The types of money managers most likely to succeed

Bertram: Managers that are focusing on domestic assets are going to struggle because they are going to be competing for a smaller and smaller proportion of the pie. I think also that the specialist managers are going to have a tougher time competing in the future because fortunately or unfortunately specialist managers get a whole bunch of constraints put around them and it reduces their ability to produce alpha over any reasonable time. And I think that’s the kind of specialty-type manager you’ll see is somebody who’s an alpha producer but without the constraints of a specialty management function around them.

Doyle: I think you’re going to see many more managers move towards or pop up in the long-short space. The derivatives complex has rapidly expanded over the last couple of years, particularly on the fixed income side—credit derivatives and interest rate swaps. It’s just mushrooming and this allows a lot of opportunity for managers to get into the space.

Stoddart: Managers who are going to be successful are not those who define themselves in terms of specific mandates, but those who understand their capacity to generate alpha and package that alpha in product types that are relevant to the needs of clients.

Marmer: Institutional investors will gravitate towards firms that offer superior investment solutions in conjunction with non-investment alpha services that help clients solve strategic issues.

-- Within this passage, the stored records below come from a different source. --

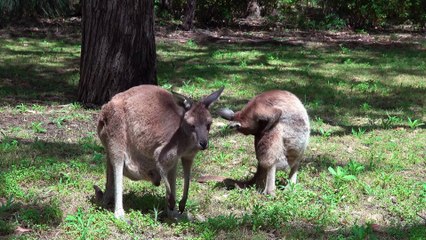 Get to know wildlife and zoo animals.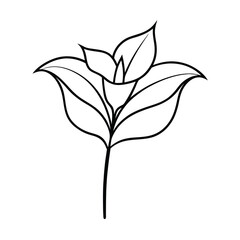 Simple Line Drawing of a Flower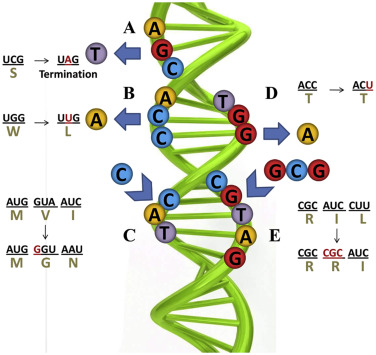 Five worked codon-substitution examples (A-E) classifying different outcomes: a nonsense/termination substitution (UCG→UAG, serine to stop); a missense/nonsynonymous substitution changing the encoded amino acid (UGG→UUG, tryptophan to leucine); a multi-substitution example; a synonymous (silent) substitution preserving the encoded amino acid (ACC→ACU, both threonine); and a substitution changing one amino acid while others stay fixed.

Coroneos: A successful manager is the one that can figure out how to keep the cost down and not sacrifice the returns in the long term, especially in the hedge fund industry.

Barbara Palk: I think the industry itself is going to evolve. There will be small niche players with portable alpha specialists and some proven skill. The flipside of that is the larger product firms with broad resources who can provide all things to all people. So you’ll either have some specialized firms or very large managers.

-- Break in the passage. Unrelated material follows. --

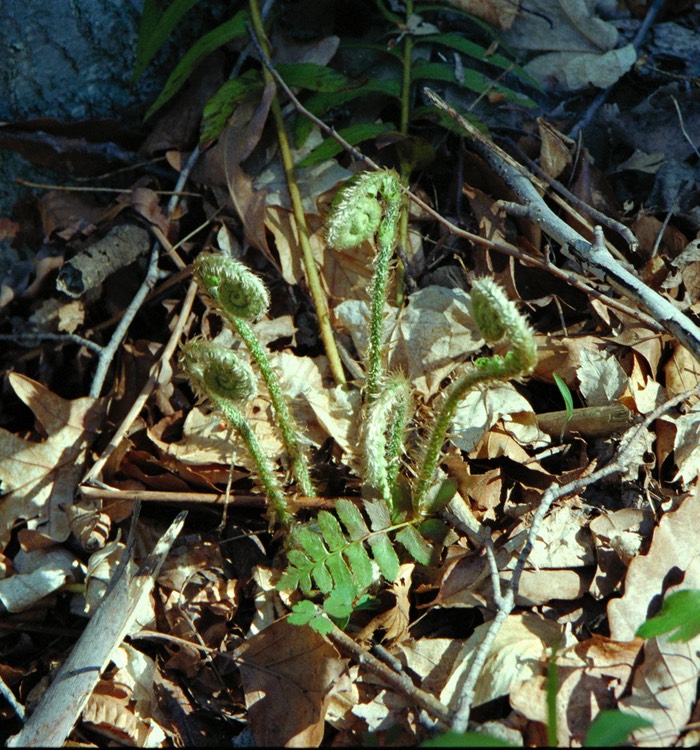 Spring ferns Vorhees State Park, NJ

Bang: It’s very likely that, in 10 years time, you will see some funds which have most of their risk outside of Canada but most of their assets in Canada.

Arnold: What you do tend to see is that you expand into newer areas for growth. For example, we talked about liability-driven solutions and that’s an area for growth. Enhanced indexing is another area for growth. And then the active management space is going into the world of alternative investment solutions. Canada is a really unique kettle of fish when you think of it on the world spectrum.

Bang: I think an overriding theme you see is that the traditional [model] just doesn’t cut it any more. You need to find efficient ways to get higher returns. You will see much more agnostic benchmark-type managers, you’ll see more long/short and hedge funds become more mainstay. You’ll see a convergence of hedge fund and traditional management.

PARTICIPANTS
Peter Arnold, national practice leader, investement consulting, ACS/Buck Consulting; Carl Bang, president, State Street Global Advisors in Canada; Bob Bertram, executive vice-president, investments, Ontario Teachers’ Pension Plan; Wendy Brodkin, industry authority; Mark Doyle, vice-president, senior client advisor, J.P. Morgan Asset Management; Paul Halpern, professor of finance and the Toronto Stock Exchange Chair in Capital Markets, Rotman School of Management, University of Toronto; Fay Coroneos, director, risk and investment analytics, RBC Dexia; George Klar, vice-president and executive director, institutional sales, MFC Global Investment Management; John Lockbaum, North American fund services, RBC Dexia Investor Services; Greg Malone, actuary and investment consultant, Eckler partners; Harry Marmer, senior vice-president, institutional investment services, Franklin Templeton Institutional; Barbara Palk, president, TD Asset Management; Michelle Savoy, president, Capital Guardian Trust Company; Warren Stoddart, managing partner, Connor, Clark & Lunn Financial Group; Rajiv Silgardo, CEO in Canada, Barclays Global Investors, JJ Woolverton, managing director and COO, Guardian Capital LP.